» Task instructions:
Below is a set of records; reproduce them exactly without their pictures.
═══ Input data ═══
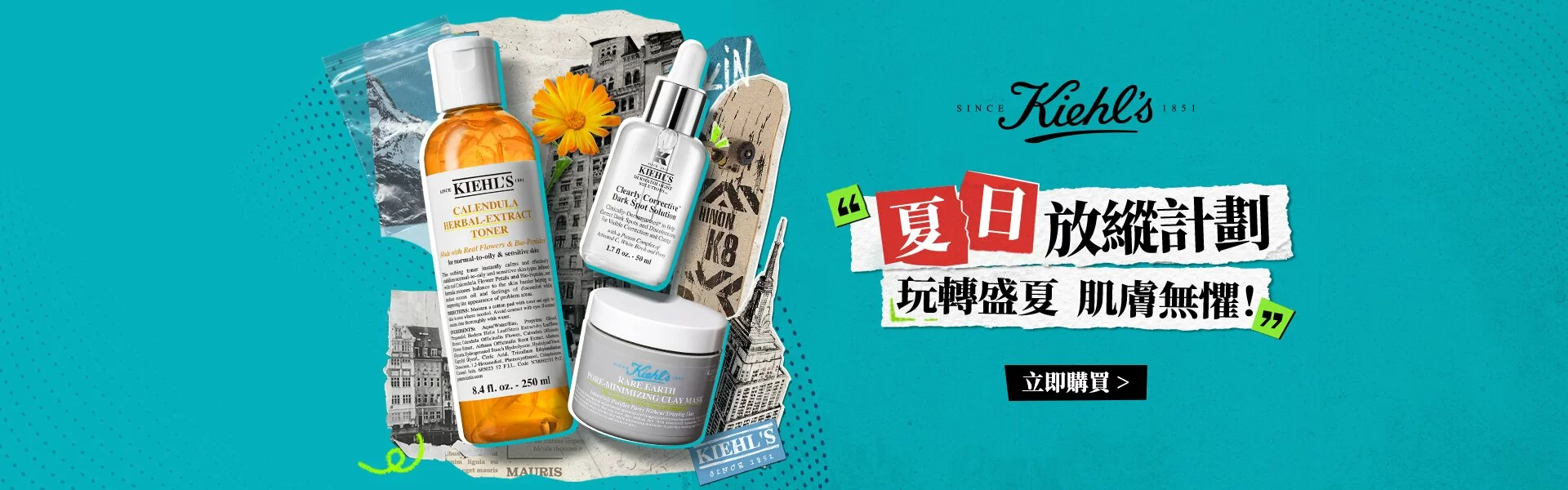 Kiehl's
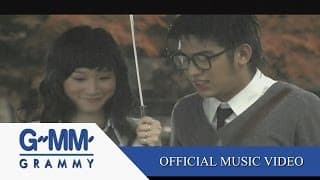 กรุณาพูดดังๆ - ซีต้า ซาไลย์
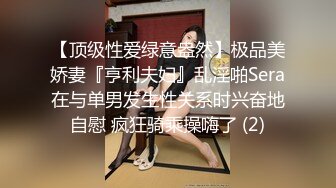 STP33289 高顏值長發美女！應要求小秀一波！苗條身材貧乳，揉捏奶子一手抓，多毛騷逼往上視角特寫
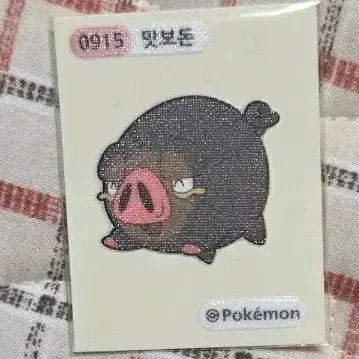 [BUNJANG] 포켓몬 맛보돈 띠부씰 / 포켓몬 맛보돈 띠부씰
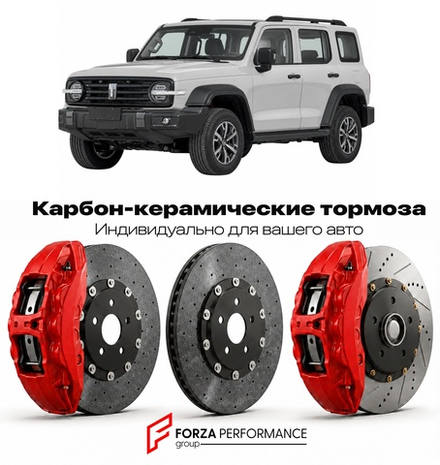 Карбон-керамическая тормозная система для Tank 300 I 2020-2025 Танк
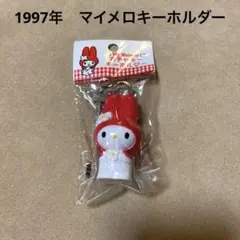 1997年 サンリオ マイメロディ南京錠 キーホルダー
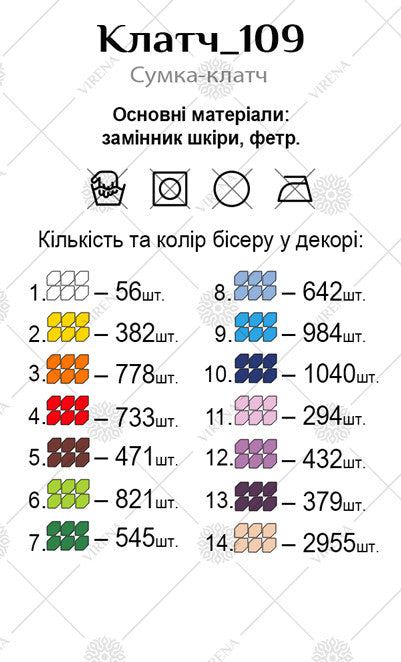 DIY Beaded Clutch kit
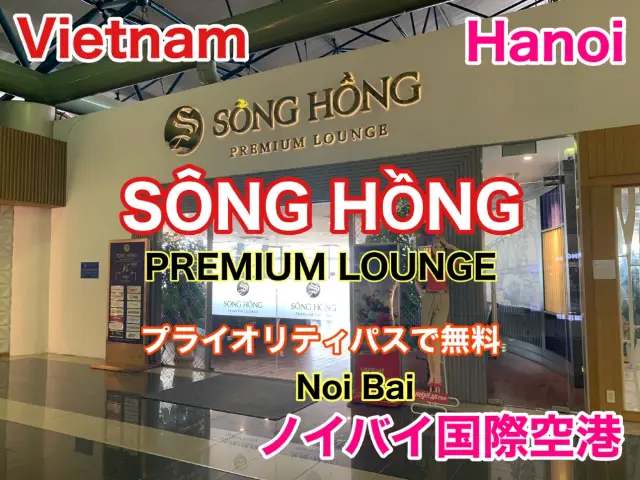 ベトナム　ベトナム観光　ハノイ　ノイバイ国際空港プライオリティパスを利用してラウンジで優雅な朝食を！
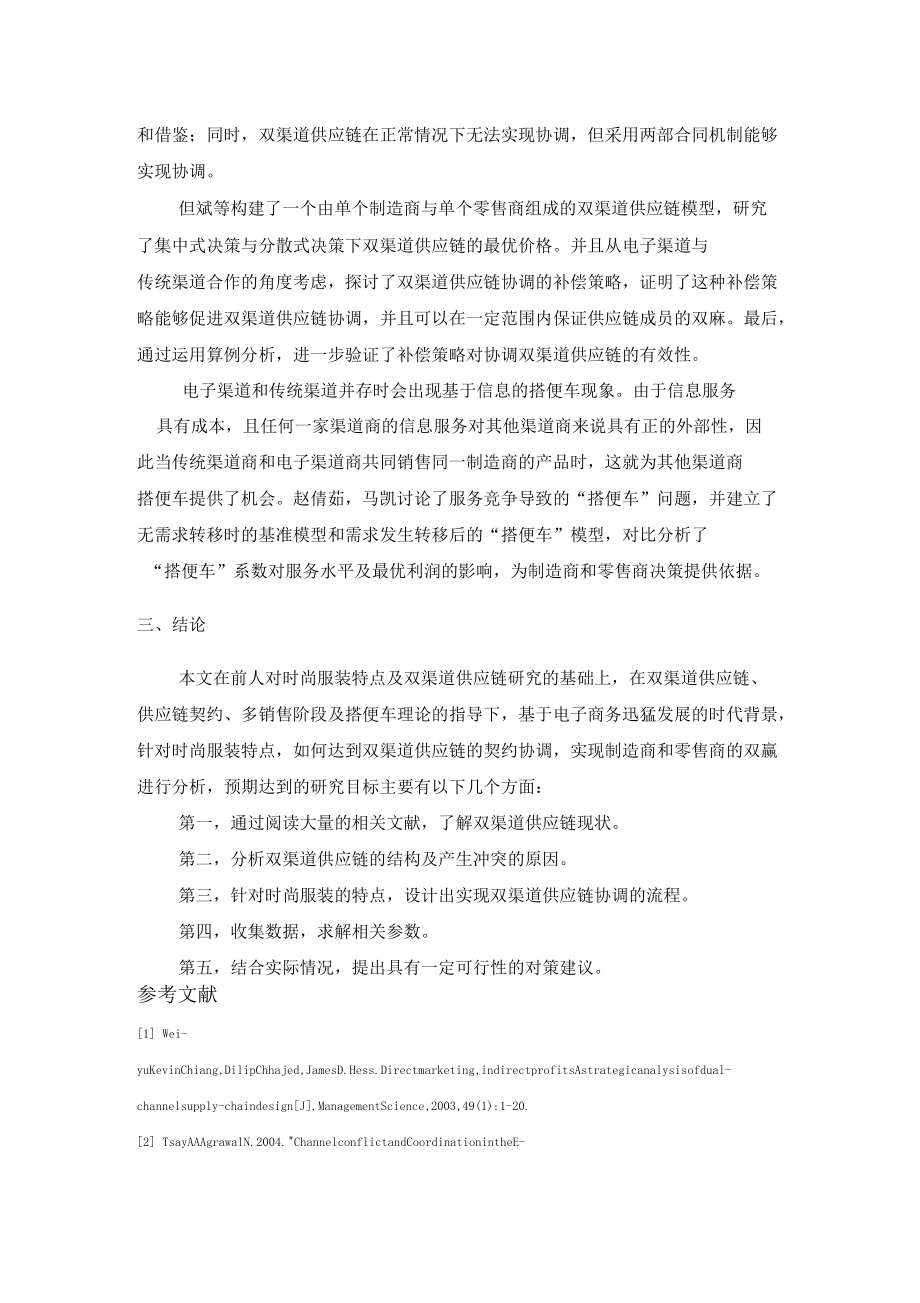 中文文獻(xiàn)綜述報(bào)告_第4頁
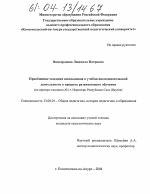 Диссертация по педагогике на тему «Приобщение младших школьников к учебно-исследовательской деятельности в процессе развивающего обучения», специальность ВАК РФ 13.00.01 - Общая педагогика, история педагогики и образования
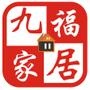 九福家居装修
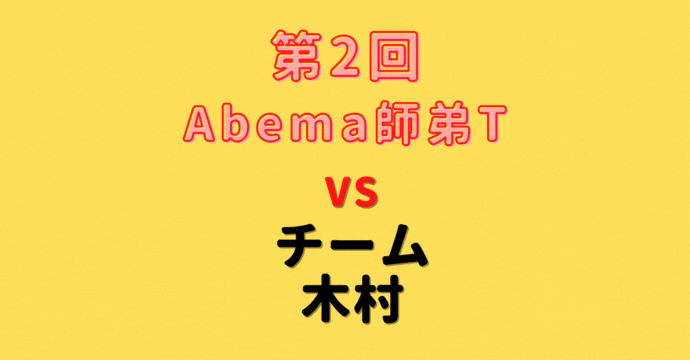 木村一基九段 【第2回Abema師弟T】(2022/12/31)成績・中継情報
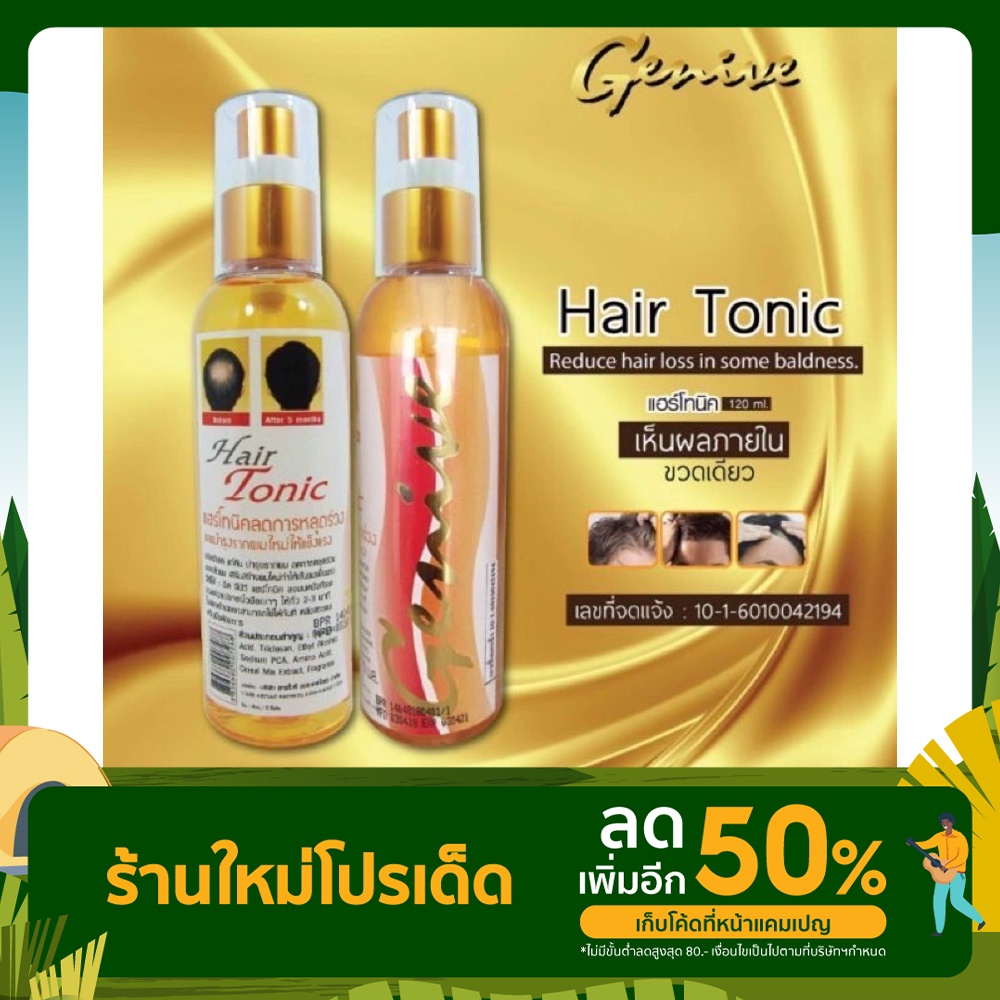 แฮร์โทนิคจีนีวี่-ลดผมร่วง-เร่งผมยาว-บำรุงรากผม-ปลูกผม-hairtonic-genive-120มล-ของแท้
═══
» Task solution:
 Kiehl's
 กรุณาพูดดังๆ - ซีต้า ซาไลย์
 STP33289 高顏值長發美女！應要求小秀一波！苗條身材貧乳，揉捏奶子一手抓，多毛騷逼往上視角特寫
 [BUNJANG] 포켓몬 맛보돈 띠부씰 / 포켓몬 맛보돈 띠부씰
 Карбон-керамическая тормозная система для Tank 300 I 2020-2025 Танк
 1997年 サンリオ マイメロディ南京錠 キーホルダー
 DIY Beaded Clutch kit
 ベトナム　ベトナム観光　ハノイ　ノイバイ国際空港プライオリティパスを利用してラウンジで優雅な朝食を！
 中文文獻(xiàn)綜述報(bào)告_第4頁
 Диссертация по педагогике на тему «Приобщение младших школьников к учебно-исследовательской деятельности в процессе развивающего обучения», специальность ВАК РФ 13.00.01 - Общая педагогика, история педагогики и образования
 九福家居装修
 木村一基九段 【第2回Abema師弟T】(2022/12/31)成績・中継情報
 แฮร์โทนิคจีนีวี่-ลดผมร่วง-เร่งผมยาว-บำรุงรากผม-ปลูกผม-hairtonic-genive-120มล-ของแท้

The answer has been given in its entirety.